Apollo Global Management Inc (APO.N), opens new tab, is in talks to buy a minority position in the Middle East, North Africa, and Central Asia Starbucks, opens new tab franchise operated by Kuwait’s AlShaya Group, according to three people.
According to two sources, the privately owned shop, known as “Project Emerald,” is aiming to sell a minority ownership of roughly 30% in the company, as previously reported by Reuters.
According to one source and a third, Saudi Arabia’s national wealth fund, the Public Investment Fund (PIF), which was earlier shortlisted to buy the share, is still involved in the talks.
Starbucks operates around 2,000 stores in 13 countries, including the Middle East and North Africa, Kazakhstan, and Azerbaijan. Before exiting Russia, Reuters estimated its value to be between $4 billion and $5 billion in 2022.
Starbucks stated in January that the Israel-Hamas conflict has harmed its business in the region, as it failed to meet market expectations for first-quarter results.
It stated the turmoil had a substantial impact on sales in the Middle East and the United States, as some customers organised demonstrations and boycott campaigns demanding that the company take a stand on the subject.

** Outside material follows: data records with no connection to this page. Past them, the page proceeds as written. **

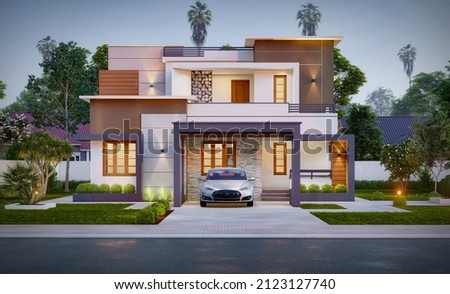 3d illustration of a newly built luxury home ストックフォト © 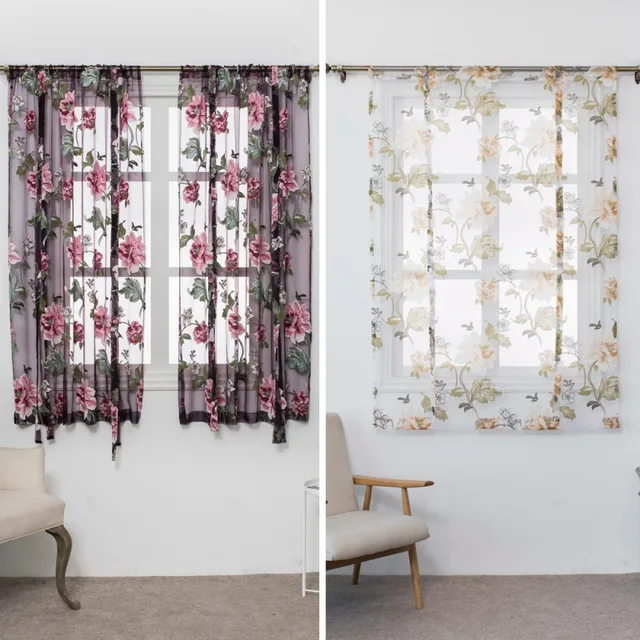 Best Offers Butterfly Flower Type Roman Short Curtains Use for Living Room Kitchen Burnt-out Flower Tulle Semi-shading Curtains Best Offers Butterfly Flower Type Roman Short Curtains Use for Living Room Kitchen Burnt-out Flower Tulle Semi-shading Curtains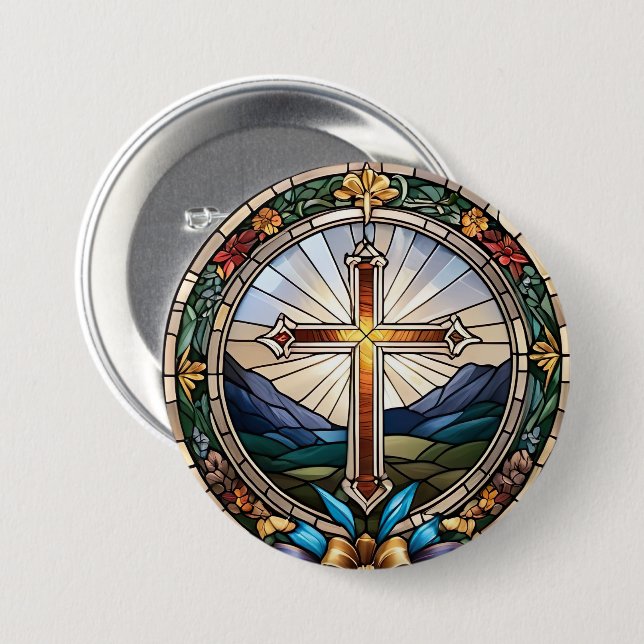 Bóton Redondo 7.62cm Vidro congelado da Santa Cruz Cristã (Frente & Verso)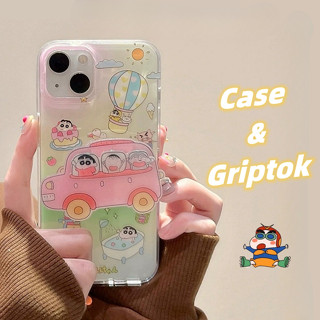 🔥จัดส่ง24ชม🔥iPhone11 12 13 14 Pro max case for เคสไอโฟน11 บางเบาพกพาง่าย น่ารัก รถ เครยอนชินจัง ขาตั้งมือถือ แฟชั่น Case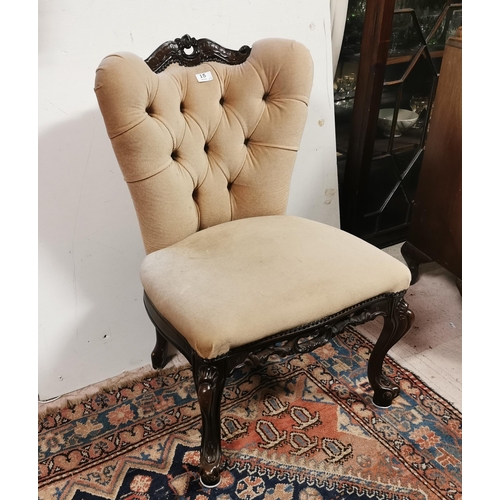 15 - Continental Walnut Framed Side Chair, a shaped pediment over a cream velvet covered back and seat (b... 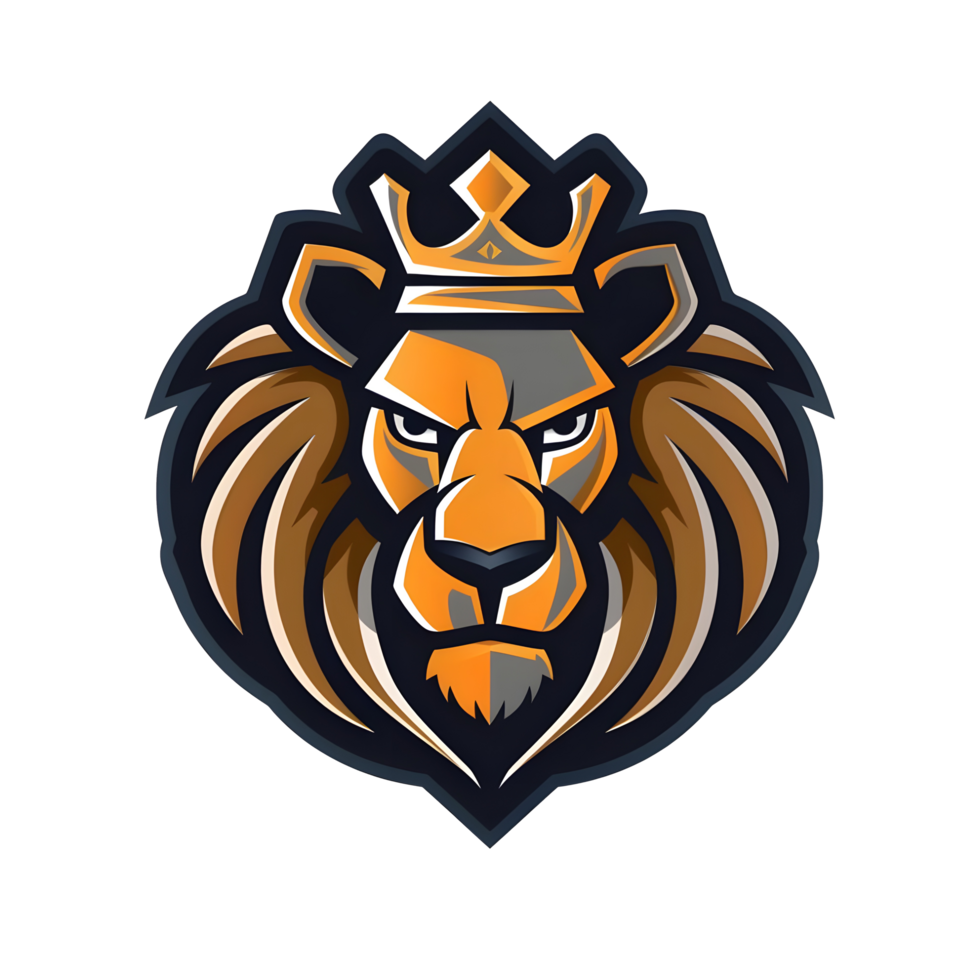 esports logo lion, style, bold line, on transparent background png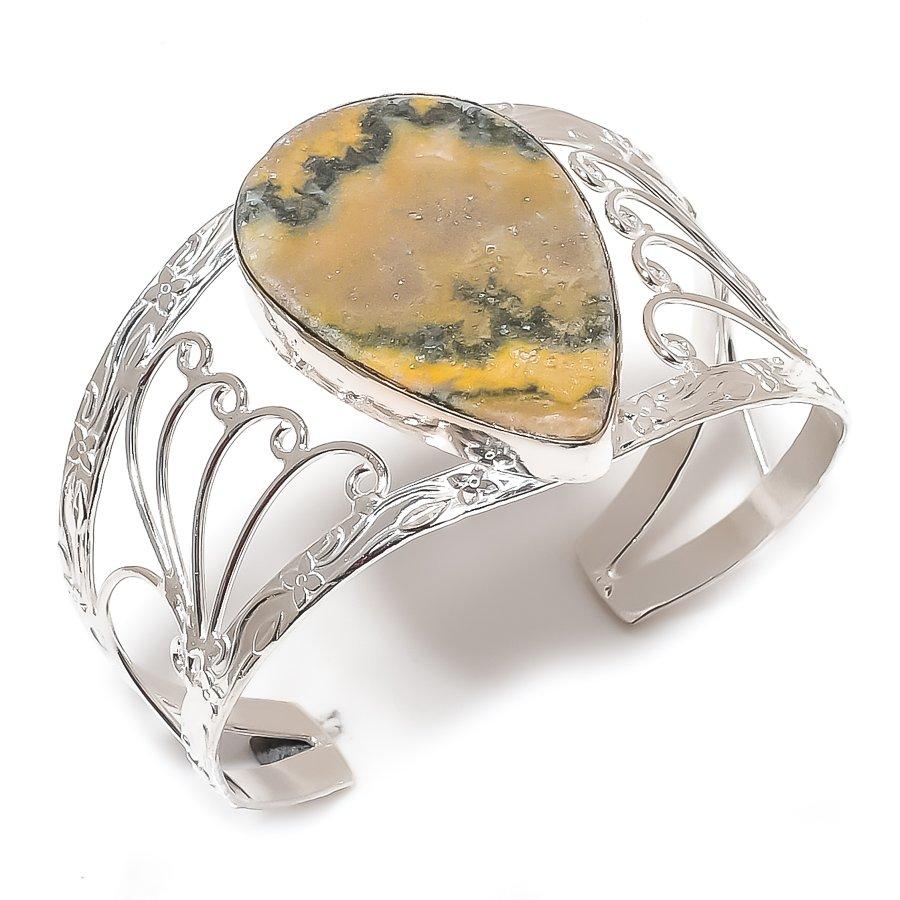 

Natural Bumble Bee Jasper Gemstone 925 Sterling Silver Cuff Bangle Adj s5A04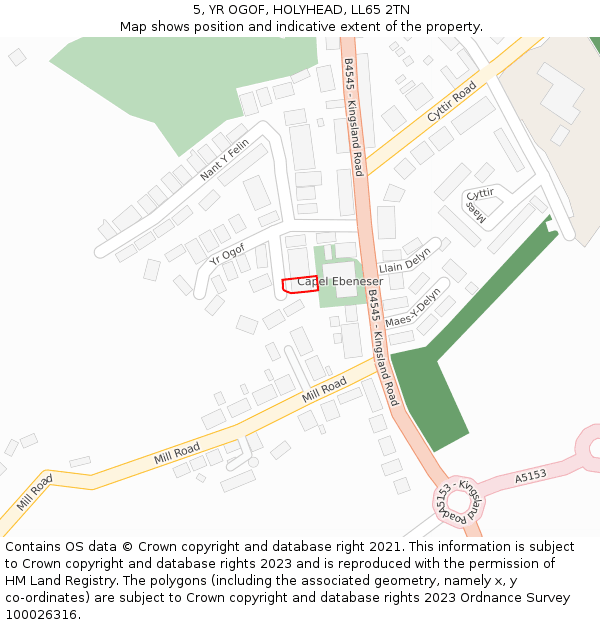 5, YR OGOF, HOLYHEAD, LL65 2TN: Location map and indicative extent of plot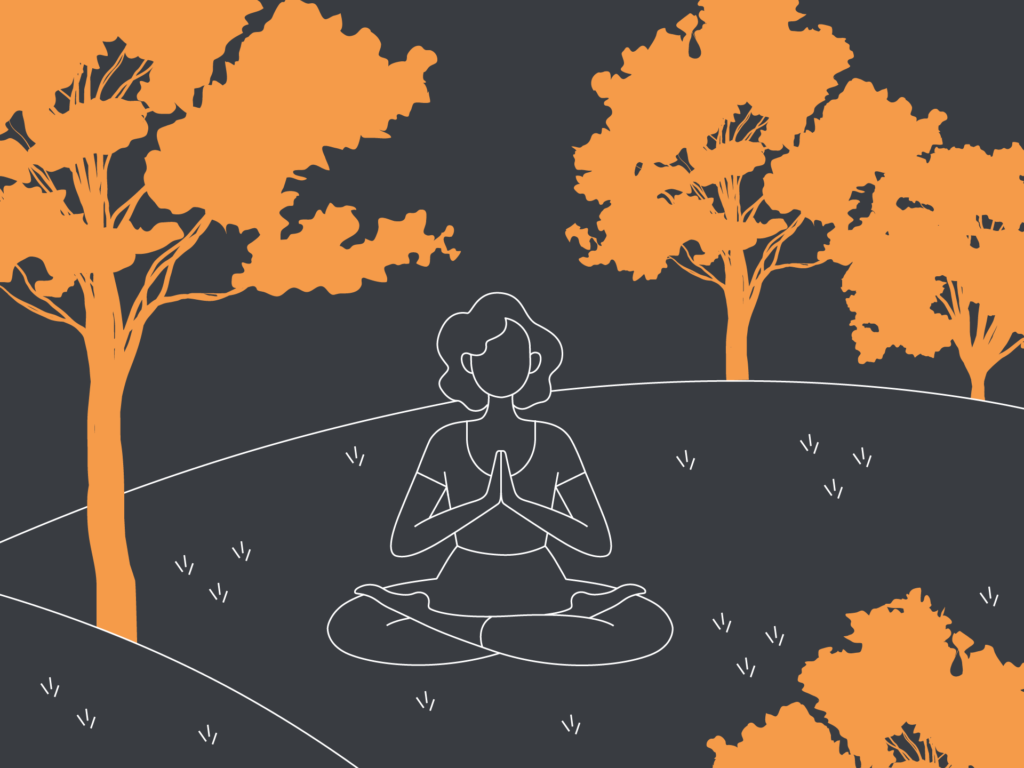 Davies & Davies Illustration of a woman meditating in the the park on a grey background surrounded by orange trees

However, it stated that it remains committed to its worldwide expansion plans.
Following the boycotts, Starbucks stated in October that it was a non-political organisation and denied supporting the Israeli government or army.
A purchase would broaden the investor base of the Alshaya family’s privately held business, which has been in operation since 1999. Some of the Middle East’s largest private corporations are increasingly attempting to attract outside investors via IPOs or strategic share sales.
AlShaya withdrew from Russia and closed 130 outlets in 2022 to comply with Starbucks’ decision to leave the sanctioned country following its war with Ukraine.
Alshaya, founded in 1890, is one of the region’s largest retail operators, with rights to operate shops for popular Western brands such as The Cheesecake Factory, Shake Shack, and Pottery Barn.
McDonald‘s and Starbucks, two of the largest restaurant chains in the US, reported lower sales at the end of last year due to the Israel-Hamas war.
McDonald’s shares plummeted about 4% on Monday after the company disclosed that a sales slowdown in the Middle East contributed to its fourth-quarter revenue miss. Starbucks’ stock has decreased almost 2% since Tuesday, when the company revealed that the battle had a negative impact on its U.S. sales in the final three months of the year.